Telecom – OCBC

Likely muted World Cup demand

Likely muted World Cup demand. The month-long 2010 World Cup campaign kicked off in South Africa last Friday. As a recap, both SingTel and StarHub have managed to secure the broadcast rights for all 64 matches of the month-long 2010 World Cup event in South Africa; this was done via two separate non-exclusive contracts after their earlier joint bids were repeatedly rejected by FIFA. However, various media reports suggest that the take-up rate for the subscription packages could be muted. For example, a quick poll done by The StraitsTimes just a day before the kick off found that only 37 among the 625 HDB households (6% take-up rate) it surveyed had signed up for the package – the high pricing of the packages was given as one of the stumbling blocks.

Pricing may be the sticking point for home viewers. As mentioned previously in our May report, we believed that the higher pricing of S$88  before GST (nearly 4x more expensive than the 2006 World Cup) would be a sticking point for home viewers. According to data compiled by Bloomberg, the charges make Singapore one of the most expensive places to watch the World Cup. We noted that the packages were also  higher than our back-of-the-envelope calculation of around S$40.Conversely, a dip in the take-up from home viewers could see better response from the business segment, as F&B establishments use the "live" telecasts to attract viewers who are not subscribing for the  event. Assuming that the telcos paid a total of S$20m for the rights and that the average subscription price is S$70/subscriber, the telcos would probably need to sell 280k packages to break even (before advertising revenue).

WC costs felt in 2Q and 3Q. In any case, we expect to see higher content costs being booked in the second and third quarters, leading to  slightly depressed margins for both SingTel and StarHub.
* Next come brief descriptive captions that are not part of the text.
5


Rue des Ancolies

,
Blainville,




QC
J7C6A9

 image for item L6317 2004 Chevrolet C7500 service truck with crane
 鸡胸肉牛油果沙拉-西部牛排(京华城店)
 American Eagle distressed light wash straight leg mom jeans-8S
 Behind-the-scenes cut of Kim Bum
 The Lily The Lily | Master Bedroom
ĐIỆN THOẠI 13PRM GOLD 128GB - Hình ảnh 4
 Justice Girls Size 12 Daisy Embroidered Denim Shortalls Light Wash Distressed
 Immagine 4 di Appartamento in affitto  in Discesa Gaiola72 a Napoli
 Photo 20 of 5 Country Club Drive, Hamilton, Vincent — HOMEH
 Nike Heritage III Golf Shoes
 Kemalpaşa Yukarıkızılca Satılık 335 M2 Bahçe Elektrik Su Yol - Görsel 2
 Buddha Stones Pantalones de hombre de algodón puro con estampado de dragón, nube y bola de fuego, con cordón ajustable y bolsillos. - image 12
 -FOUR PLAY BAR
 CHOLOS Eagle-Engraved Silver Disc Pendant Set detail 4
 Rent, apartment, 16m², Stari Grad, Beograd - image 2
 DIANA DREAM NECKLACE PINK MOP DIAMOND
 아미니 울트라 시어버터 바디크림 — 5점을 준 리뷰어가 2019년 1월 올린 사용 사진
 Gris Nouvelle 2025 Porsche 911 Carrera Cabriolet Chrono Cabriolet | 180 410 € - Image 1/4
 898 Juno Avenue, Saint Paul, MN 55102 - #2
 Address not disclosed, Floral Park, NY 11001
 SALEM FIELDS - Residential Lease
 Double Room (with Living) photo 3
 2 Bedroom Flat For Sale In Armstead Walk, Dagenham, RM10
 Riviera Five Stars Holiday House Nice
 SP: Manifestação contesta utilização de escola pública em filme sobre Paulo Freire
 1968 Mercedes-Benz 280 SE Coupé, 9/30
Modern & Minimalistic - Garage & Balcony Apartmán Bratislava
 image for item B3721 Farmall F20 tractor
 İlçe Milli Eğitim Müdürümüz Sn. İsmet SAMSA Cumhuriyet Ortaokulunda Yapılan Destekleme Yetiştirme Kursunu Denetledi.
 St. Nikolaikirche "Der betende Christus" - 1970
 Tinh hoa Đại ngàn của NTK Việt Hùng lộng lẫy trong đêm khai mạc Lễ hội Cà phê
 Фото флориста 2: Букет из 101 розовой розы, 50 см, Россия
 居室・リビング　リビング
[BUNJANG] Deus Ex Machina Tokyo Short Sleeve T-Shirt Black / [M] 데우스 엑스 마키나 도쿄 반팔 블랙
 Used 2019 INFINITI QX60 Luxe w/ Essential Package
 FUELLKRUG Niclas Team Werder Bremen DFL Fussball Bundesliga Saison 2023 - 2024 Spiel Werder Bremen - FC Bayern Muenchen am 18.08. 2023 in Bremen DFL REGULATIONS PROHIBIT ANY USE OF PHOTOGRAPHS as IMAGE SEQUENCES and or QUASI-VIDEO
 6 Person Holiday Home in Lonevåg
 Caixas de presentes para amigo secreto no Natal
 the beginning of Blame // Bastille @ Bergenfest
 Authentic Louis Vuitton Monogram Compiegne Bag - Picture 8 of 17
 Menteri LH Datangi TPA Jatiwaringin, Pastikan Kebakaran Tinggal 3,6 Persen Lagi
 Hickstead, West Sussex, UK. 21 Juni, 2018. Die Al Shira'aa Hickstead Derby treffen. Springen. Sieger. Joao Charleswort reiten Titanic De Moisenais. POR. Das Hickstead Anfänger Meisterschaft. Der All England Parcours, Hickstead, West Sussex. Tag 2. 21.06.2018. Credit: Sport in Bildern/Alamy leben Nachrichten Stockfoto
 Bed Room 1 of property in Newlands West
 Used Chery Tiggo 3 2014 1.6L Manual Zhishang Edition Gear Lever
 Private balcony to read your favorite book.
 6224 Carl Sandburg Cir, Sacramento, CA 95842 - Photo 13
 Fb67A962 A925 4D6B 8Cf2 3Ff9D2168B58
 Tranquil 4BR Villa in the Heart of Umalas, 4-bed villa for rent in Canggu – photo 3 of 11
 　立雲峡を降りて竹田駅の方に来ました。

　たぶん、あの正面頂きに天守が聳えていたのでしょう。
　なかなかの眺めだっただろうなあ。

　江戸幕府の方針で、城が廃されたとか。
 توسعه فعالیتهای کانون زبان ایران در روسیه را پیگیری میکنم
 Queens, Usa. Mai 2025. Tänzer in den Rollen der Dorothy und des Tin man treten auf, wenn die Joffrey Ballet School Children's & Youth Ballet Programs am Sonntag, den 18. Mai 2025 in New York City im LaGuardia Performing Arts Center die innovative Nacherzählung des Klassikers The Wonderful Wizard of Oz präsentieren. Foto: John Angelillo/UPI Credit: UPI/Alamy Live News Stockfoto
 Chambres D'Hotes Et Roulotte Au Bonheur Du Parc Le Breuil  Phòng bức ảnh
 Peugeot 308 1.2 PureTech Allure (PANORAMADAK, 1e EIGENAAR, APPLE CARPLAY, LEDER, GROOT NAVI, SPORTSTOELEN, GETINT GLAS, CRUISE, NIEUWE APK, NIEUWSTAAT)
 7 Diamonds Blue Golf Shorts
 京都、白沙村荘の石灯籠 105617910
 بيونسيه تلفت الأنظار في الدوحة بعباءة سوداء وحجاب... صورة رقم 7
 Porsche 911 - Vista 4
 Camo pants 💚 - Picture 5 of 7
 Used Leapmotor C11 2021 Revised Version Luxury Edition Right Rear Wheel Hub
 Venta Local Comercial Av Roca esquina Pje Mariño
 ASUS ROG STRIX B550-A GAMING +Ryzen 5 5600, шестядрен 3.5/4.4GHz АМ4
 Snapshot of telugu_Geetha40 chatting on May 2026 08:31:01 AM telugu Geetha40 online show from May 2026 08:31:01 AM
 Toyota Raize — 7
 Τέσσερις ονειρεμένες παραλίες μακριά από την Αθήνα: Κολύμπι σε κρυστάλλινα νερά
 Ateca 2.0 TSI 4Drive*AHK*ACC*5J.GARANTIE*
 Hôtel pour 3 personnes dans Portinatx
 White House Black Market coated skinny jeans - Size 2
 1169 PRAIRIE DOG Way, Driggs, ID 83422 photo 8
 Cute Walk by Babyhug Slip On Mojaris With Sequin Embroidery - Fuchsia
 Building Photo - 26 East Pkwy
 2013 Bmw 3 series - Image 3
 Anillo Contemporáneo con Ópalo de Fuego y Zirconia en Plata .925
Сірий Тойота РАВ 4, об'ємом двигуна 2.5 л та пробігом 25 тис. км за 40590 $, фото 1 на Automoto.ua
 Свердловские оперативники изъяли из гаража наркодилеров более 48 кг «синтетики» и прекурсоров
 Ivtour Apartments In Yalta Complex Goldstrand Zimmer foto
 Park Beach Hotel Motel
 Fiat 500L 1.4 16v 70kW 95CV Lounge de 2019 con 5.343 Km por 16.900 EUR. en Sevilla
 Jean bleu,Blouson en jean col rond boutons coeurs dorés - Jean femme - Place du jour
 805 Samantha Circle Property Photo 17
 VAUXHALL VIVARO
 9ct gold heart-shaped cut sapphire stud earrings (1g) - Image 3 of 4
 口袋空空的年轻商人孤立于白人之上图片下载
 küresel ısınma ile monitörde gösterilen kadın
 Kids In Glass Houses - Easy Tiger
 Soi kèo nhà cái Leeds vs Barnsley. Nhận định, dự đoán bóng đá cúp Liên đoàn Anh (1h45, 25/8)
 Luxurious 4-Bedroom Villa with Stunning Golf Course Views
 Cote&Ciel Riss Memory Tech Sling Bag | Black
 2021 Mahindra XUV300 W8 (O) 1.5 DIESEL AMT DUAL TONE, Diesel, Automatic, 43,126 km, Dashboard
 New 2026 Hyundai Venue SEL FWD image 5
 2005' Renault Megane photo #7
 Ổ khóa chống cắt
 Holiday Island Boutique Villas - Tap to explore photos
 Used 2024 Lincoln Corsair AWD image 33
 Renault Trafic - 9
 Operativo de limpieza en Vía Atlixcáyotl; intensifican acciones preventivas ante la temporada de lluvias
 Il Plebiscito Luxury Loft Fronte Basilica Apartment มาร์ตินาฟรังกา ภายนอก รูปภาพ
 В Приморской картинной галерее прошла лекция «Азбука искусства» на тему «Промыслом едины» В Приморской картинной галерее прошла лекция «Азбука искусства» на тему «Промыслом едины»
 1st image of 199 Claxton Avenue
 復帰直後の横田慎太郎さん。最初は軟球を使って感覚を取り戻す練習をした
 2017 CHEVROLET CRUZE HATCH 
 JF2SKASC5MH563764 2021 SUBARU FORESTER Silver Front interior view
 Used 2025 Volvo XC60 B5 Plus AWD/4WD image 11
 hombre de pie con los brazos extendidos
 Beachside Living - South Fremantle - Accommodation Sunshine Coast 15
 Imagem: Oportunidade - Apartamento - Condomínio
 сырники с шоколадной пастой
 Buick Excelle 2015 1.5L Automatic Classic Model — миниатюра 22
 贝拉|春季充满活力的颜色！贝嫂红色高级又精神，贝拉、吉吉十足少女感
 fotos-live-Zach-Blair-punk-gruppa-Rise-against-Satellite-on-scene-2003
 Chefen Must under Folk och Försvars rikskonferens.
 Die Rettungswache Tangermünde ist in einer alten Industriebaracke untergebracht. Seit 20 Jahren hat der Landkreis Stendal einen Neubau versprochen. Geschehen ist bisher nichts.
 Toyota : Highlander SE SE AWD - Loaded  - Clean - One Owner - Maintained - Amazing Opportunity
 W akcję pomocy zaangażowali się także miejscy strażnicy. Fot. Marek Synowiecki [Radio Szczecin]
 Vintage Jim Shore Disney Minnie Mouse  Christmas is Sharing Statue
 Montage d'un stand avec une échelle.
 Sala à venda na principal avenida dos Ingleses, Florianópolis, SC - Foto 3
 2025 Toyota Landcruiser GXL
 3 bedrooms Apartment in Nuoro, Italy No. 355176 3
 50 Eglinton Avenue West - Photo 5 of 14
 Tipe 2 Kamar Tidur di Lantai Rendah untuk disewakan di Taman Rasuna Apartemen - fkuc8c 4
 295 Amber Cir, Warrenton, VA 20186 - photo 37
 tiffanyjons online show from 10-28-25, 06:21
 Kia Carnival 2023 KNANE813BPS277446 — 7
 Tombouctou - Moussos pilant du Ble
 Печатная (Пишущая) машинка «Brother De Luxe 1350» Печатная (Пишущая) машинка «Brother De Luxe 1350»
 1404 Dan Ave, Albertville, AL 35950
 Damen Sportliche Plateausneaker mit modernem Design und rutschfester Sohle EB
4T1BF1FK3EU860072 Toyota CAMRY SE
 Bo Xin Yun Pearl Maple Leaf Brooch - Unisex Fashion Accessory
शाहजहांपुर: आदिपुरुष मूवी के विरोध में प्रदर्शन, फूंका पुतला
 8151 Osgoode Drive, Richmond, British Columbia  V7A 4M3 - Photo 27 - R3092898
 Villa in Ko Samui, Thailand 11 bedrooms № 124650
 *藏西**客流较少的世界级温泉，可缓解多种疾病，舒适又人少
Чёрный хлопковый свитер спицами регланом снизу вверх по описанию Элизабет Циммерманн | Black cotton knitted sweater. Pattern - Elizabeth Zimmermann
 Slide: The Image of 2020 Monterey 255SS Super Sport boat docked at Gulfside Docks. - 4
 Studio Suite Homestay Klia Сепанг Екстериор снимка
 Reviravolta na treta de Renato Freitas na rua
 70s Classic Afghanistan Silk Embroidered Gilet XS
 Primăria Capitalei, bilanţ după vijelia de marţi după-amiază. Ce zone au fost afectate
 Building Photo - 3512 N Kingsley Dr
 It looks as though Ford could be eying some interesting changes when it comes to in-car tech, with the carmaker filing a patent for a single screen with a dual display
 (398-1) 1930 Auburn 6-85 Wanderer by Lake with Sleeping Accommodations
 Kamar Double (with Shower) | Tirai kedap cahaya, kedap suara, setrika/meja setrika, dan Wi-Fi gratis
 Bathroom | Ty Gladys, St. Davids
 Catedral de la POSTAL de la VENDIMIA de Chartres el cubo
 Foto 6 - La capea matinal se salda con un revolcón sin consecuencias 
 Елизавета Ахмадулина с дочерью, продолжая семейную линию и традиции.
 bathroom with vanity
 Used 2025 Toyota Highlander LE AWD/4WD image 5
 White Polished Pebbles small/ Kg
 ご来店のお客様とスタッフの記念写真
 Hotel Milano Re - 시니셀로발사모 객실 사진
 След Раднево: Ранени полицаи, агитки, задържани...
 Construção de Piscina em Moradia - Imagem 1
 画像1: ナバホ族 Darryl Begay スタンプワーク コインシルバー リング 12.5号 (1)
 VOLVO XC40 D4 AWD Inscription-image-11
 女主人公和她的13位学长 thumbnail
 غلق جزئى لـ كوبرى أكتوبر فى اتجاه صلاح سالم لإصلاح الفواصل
However, if the take-up rate comes in worst than expected, we note that there is a  risk of seeing further margin compression. On the other hand, we see M1 Ltd emerging as a better bet (at least in the near term) as it is not going to face this risk of a World Cup disappointment in the coming two quarters. That said, we continue to like the telcos for their defensive earnings and high dividend yields, especially in the increasingly volatile market. Maintain OVERWEIGHT.